Model summary and normative application
Regulatory techniques have different effects on the transaction costs of complying parties, i.e. between shareholders, directors and executive managers in a corporation. To illustrate the differences between regulatory techniques, we use a model showing the level of regulation intensity and level of default. When the two dimensions, represented by the vertical and the horizontal axes of our model, are combined, it is possible to draw general conclusions on preferable techniques from a transaction cost perspective.
Starting with the vertical axis in Fig. 1, we integrate findings from two streams of literature. Both support a regulatory technique that corresponds to a high level of regulation intensity. First, according to the literature on rules versus standards, clear-cut rules are associated with greater predictability and therefore lower compliance costs.
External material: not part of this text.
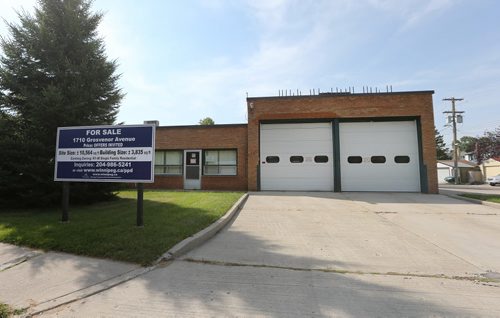 Fire Stations up for sale Äì in pic a Fire Station .at 1710 Gosvenor -aldo santin story  KEN GIGLIOTTI / Aug 16 2013 / WINNIPEG FREE PRESS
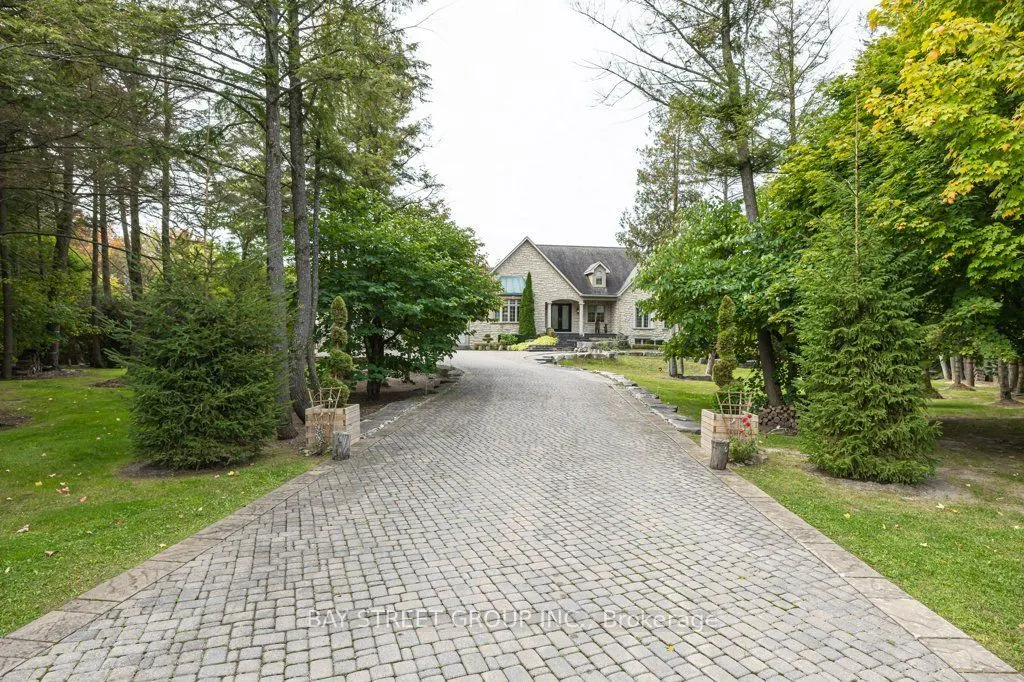 5 River Stone Court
Hence, rules should be used to regulate frequent situations for the firm, while standards, being more flexible for changes in society, should be used mainly to regulate non-day-to-day situations. Second, in accordance with the literature on majoritarian defaults, the theory supports legislation to also cover situations, which are difficult to predict and therefore often are omitted or forgotten by actual parties. Together, these two lines of arguments compose the vital elements for corporate law to function as a standard contract. In conclusion, theory support regulatory techniques are to be placed on the upper end on the vertical axis. However, not on top, as such an all-inclusive piece of legislation would be overly costly to overview and comply with.
For the legislation to fulfill the function as a standard contract, the legislator must consider the heterogenic needs of firms. Hence, the legal framework cannot fit the needs of all corporations; therefore, the rules, as a starting point, should be of default character. Examining the horizontal axis in Fig. 1, a transaction cost analysis favors a level of default to the left of the center of the scale. To achieve this level of default, the legislator cannot only rely on opt-out techniques. High transaction costs often make the parties reluctant to derogate from the legal norms. Instead, the legislator should combine opt-out-regulation with opt-in alternatives, possibly combined in small menus. In the mission of lowering the parties’ transaction costs, the legislator must also acknowledge the cost of applying altering rules and recognize when default rules in reality has become mandatory due to immutable transaction costs.
In sum; the preferred area of regulation in our model, when applied to the regulation of organization and decision-taking organs, is illustrated as the shadowed area in Fig. 2.